For image-to-image generation, make sure that num_inference_steps * strength is larger or equal to 1. The image-to-image pipeline will run for int(num_inference_steps * strength) steps, e.g. 0.5 * 2.0 = 1 step

In [None]:
from diffusers import AutoPipelineForImage2Image
from diffusers.utils import load_image, make_image_grid

In [None]:
# use from_pipe to avoid consuming additional memory when loading a checkpoint
#pipeline = AutoPipelineForImage2Image.from_pretrained("stabilityai/sdxl-turbo", cache_dir="/cluster/user/ehoemmen/.cache")
pipeline = AutoPipelineForImage2Image.from_pretrained("stabilityai/sdxl-turbo", cache_dir="/cluster/user/ehoemmen/.cache")

#.to("cuda")
pipeline.enable_sequential_cpu_offload()

In [None]:
init_image = load_image("https://huggingface.co/datasets/huggingface/documentation-images/resolve/main/diffusers/cat.png")
init_image = init_image.resize((512, 512))
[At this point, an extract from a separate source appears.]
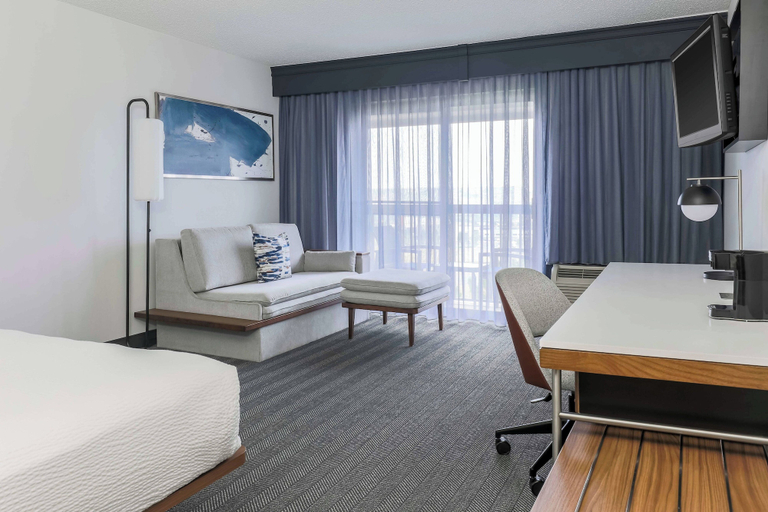 Bedroom 3, Courtyard by Marriott Denver Golden/Red Rocks, Jefferson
prompt = "cat wizard, gandalf, lord of the rings, detailed, fantasy, cute, adorable, Pixar, Disney, 8k"

image = pipeline(prompt=prompt,
                 image=init_image, 
                 strength=0.5, 
                 guidance_scale=0.0, 
                 num_inference_steps=4
                ).images[0]
make_image_grid([init_image, image], rows=1, cols=2)

In [None]:
url = '../5.0_pictures/kelloggs_resized.jpg'
init_image = load_image(url)

prompt = "Honey Flavoured Cornflakes, Yellow Packaging design, cute bees, food photography, mockup"

image = pipeline(prompt=prompt,
                 image=init_image, 
                 strength=0.7, 
                 guidance_scale=0.0, 
                 num_inference_steps=4
                ).images[0]

make_image_grid([init_image, image], rows=1, cols=2)

<a id="keyfindings"></a>

## Key Findings

Normal text-to-image generation works very well. In practice (e.g. for an ideas workshop), it would be preferable to the normal SDXL pipeline, as it is very fast and the images have the same level of quality. But it is more suitable for generating and finding ideas. When it comes to **concrete ideas**, **SDXL-Turbo is not suitable**. In addition to the standard text-to-image pipeline, there is only the image-to-image pipeline, which means that no individual design elements can be changed.